*WORK TASK*. Where the listing below reaches the line containing "Flamingo Coloring Pages", start writing out lines exactly, and stop once the line containing "Мексиканский флаг над Мехико" has been written.

*RECORDED INFORMATION*.
★ ★ ★ ★ ★ ★ ★
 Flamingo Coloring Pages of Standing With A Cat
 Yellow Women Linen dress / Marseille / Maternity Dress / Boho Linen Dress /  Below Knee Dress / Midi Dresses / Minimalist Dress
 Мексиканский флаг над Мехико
★ ★ ★ ★ ★ ★ ★
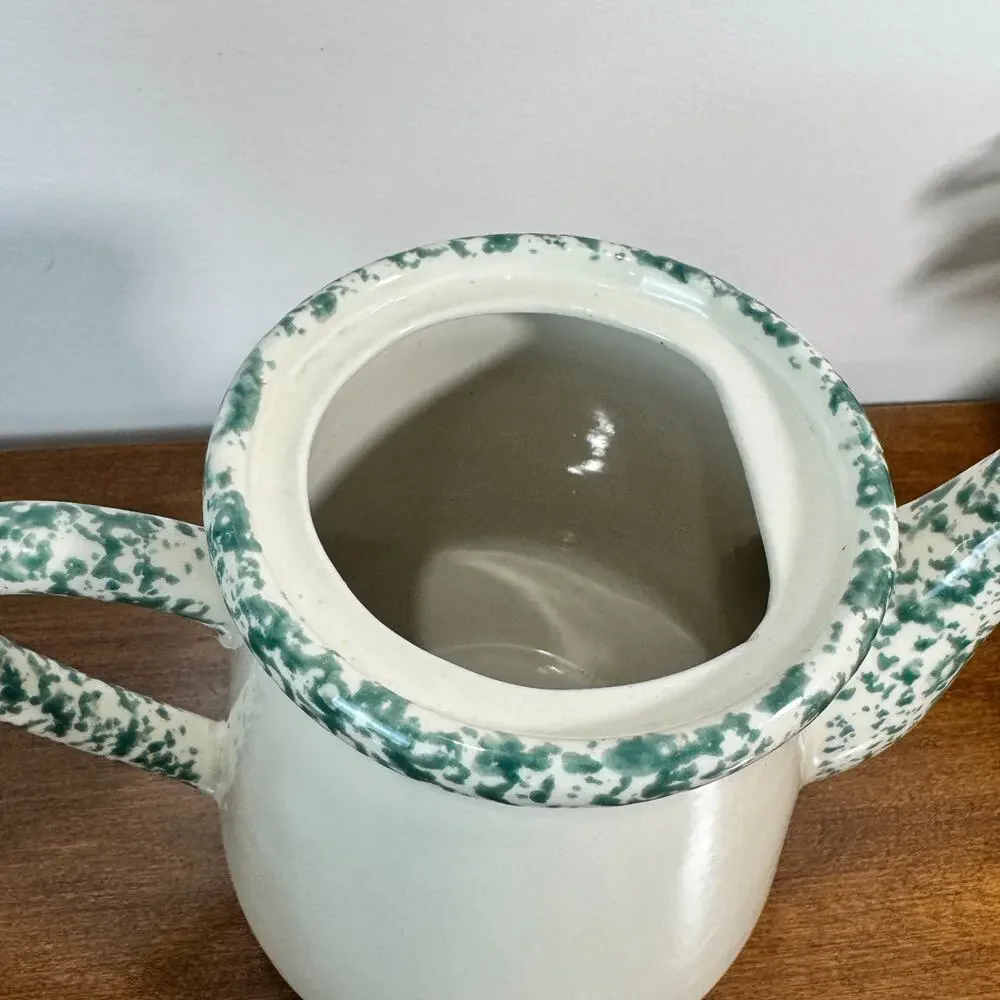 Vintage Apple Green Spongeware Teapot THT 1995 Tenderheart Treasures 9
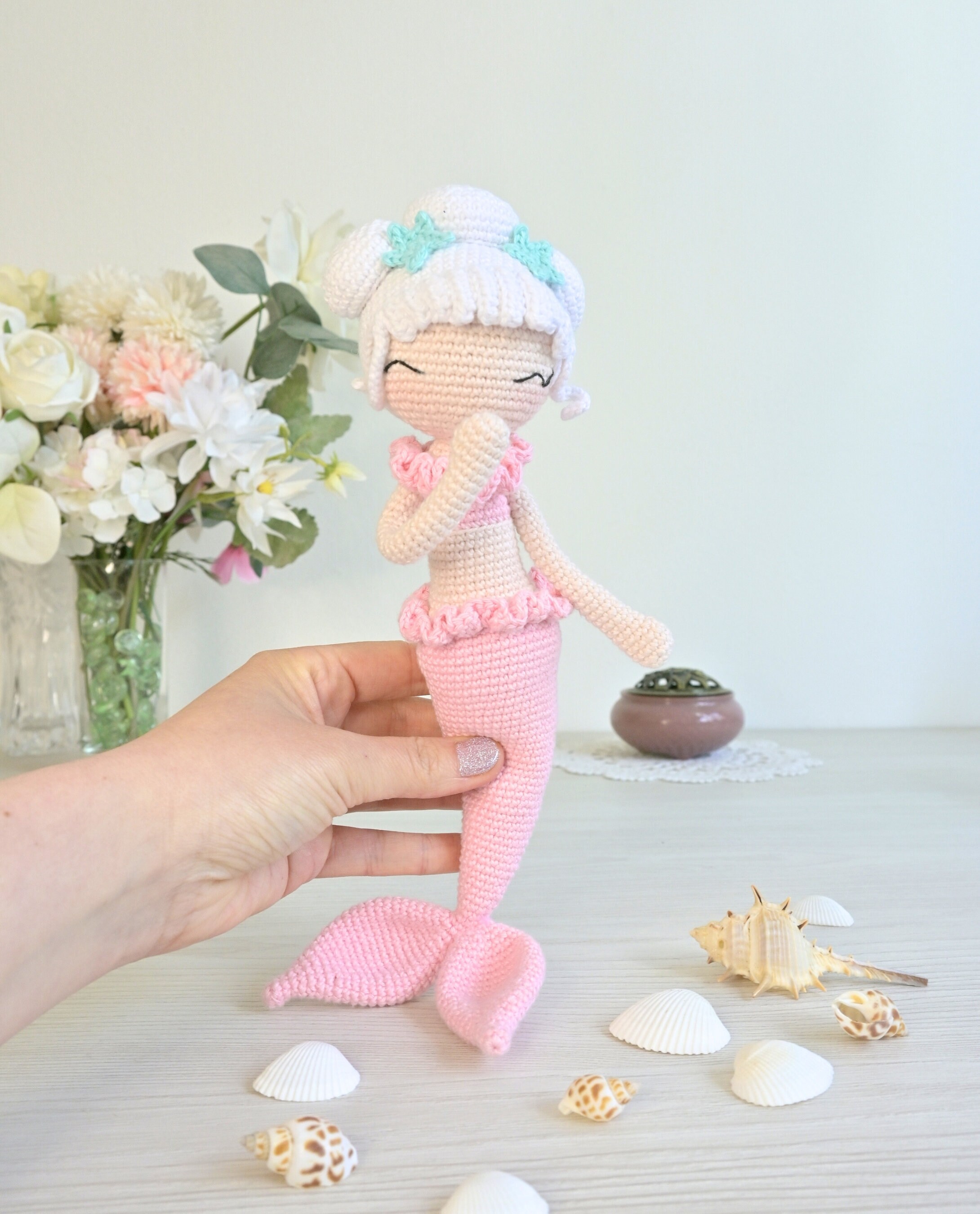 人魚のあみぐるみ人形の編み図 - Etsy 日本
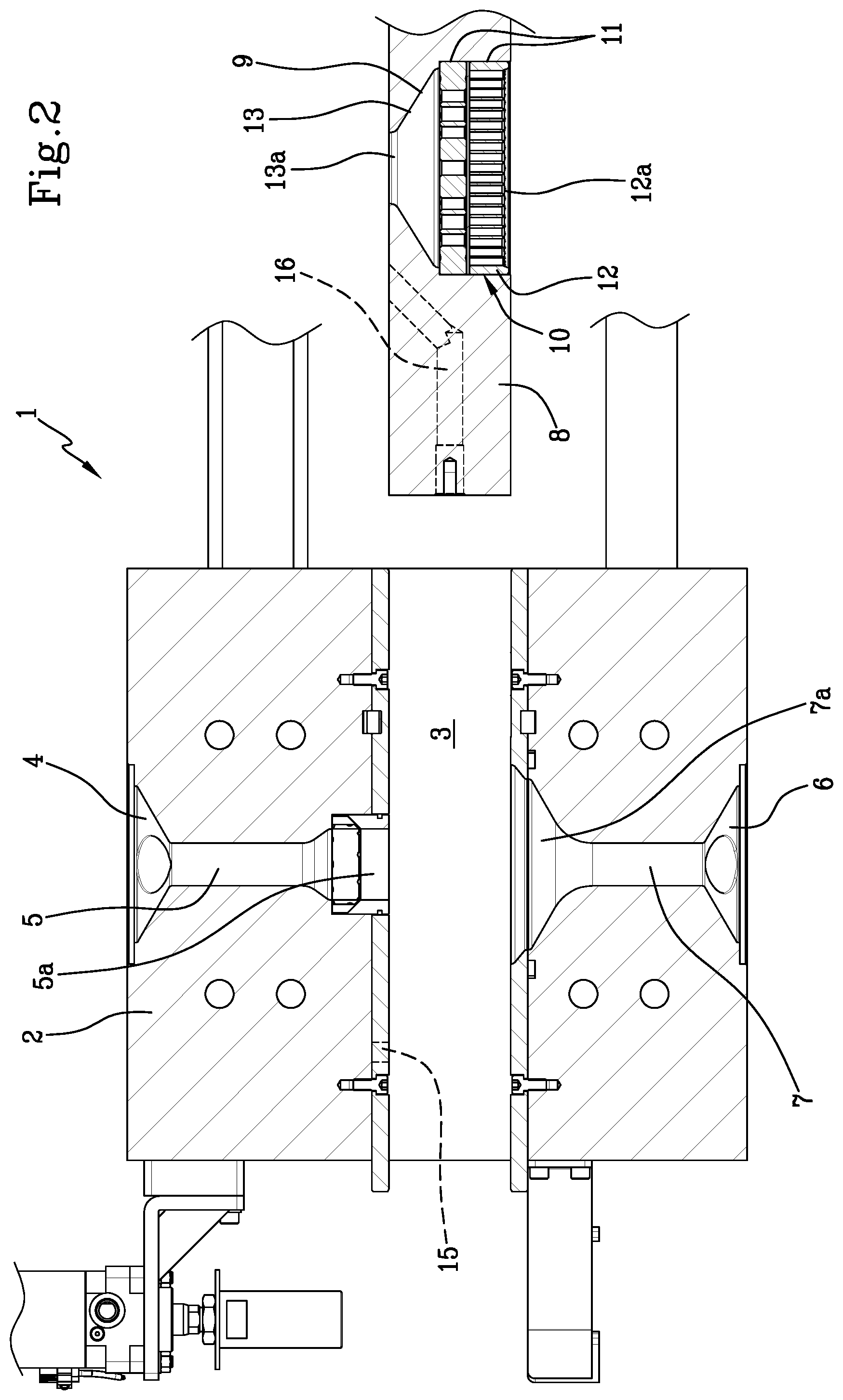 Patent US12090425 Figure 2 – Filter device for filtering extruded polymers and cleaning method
★ ★ ★ ★ ★ ★ ★
*EXPECTED OUTPUT*.
 Flamingo Coloring Pages of Standing With A Cat
 Yellow Women Linen dress / Marseille / Maternity Dress / Boho Linen Dress /  Below Knee Dress / Midi Dresses / Minimalist Dress
 Мексиканский флаг над Мехико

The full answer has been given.